* **EXERCISE DETAILS**:
What's wanted here is the full listing below, repeated exactly, with no images in it.

* **RAW DATA**:
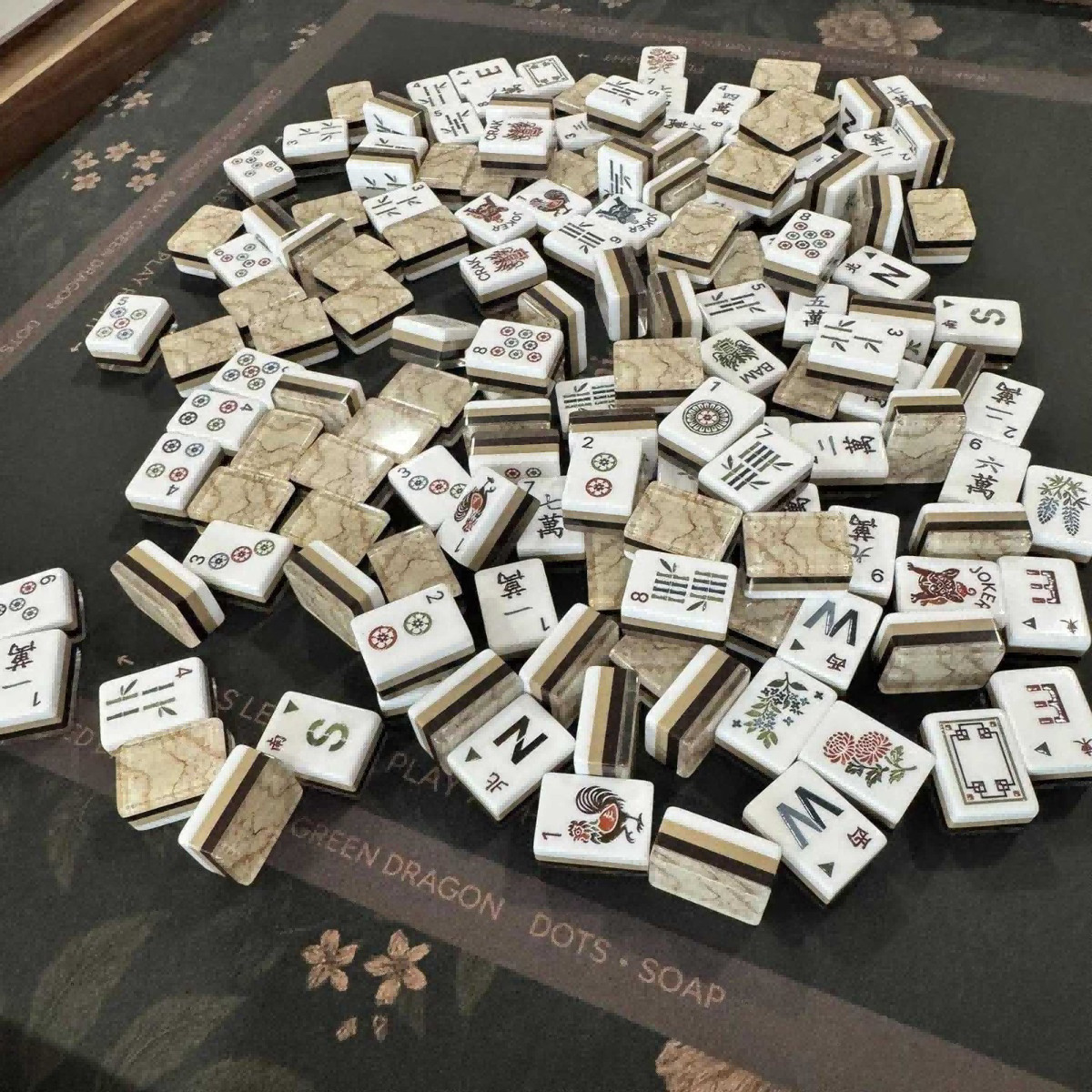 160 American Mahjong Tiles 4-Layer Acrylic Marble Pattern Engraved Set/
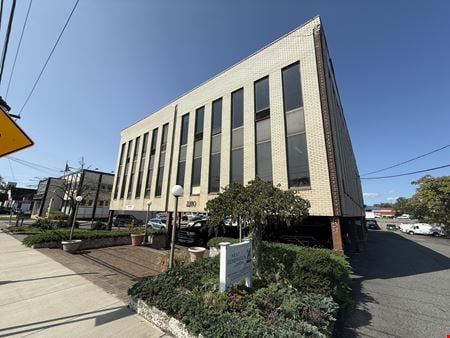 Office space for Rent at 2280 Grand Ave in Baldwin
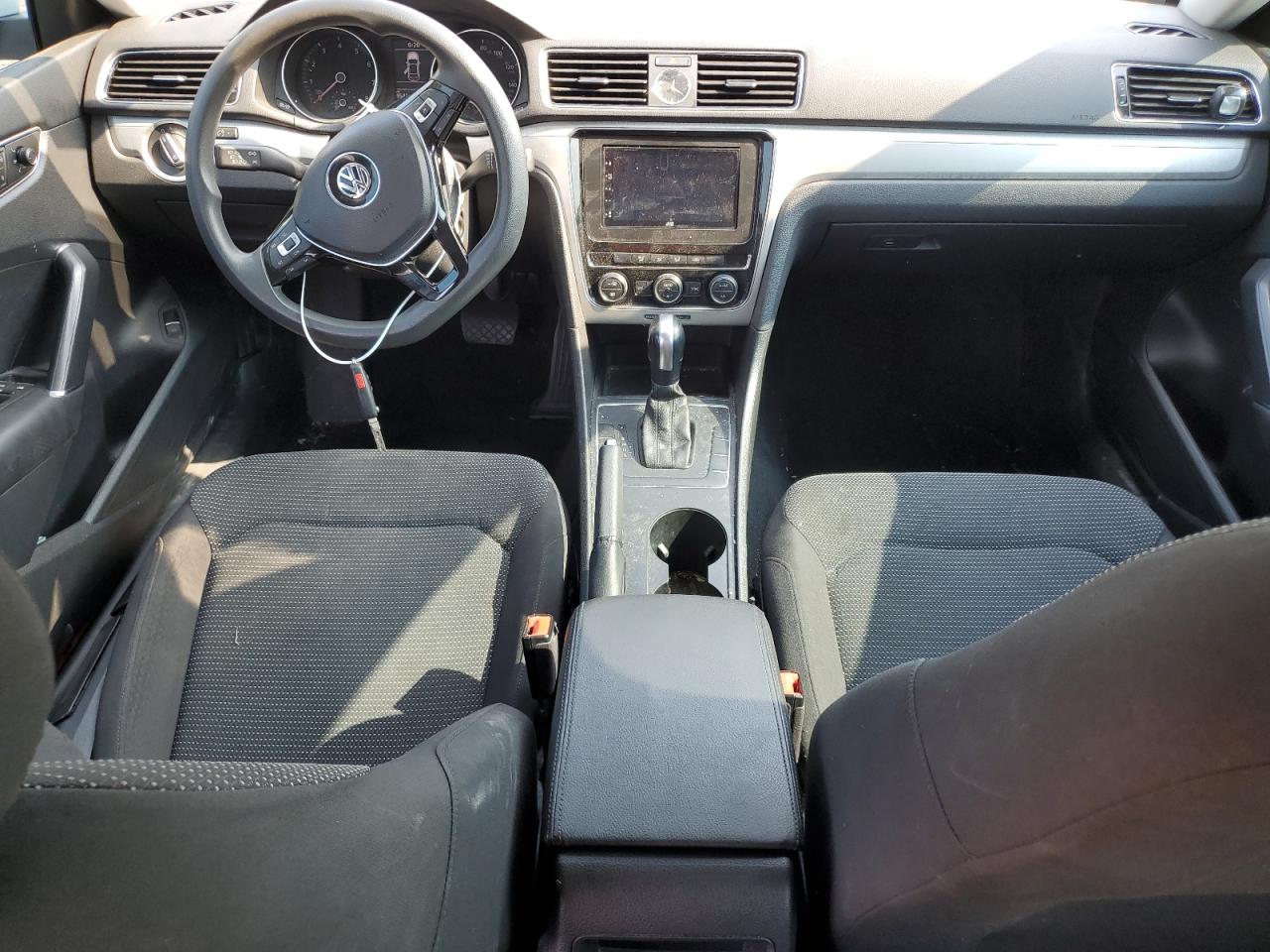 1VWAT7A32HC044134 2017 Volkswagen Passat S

* **EXERCISE SOLUTION**:
 160 American Mahjong Tiles 4-Layer Acrylic Marble Pattern Engraved Set/
 Office space for Rent at 2280 Grand Ave in Baldwin
 1VWAT7A32HC044134 2017 Volkswagen Passat S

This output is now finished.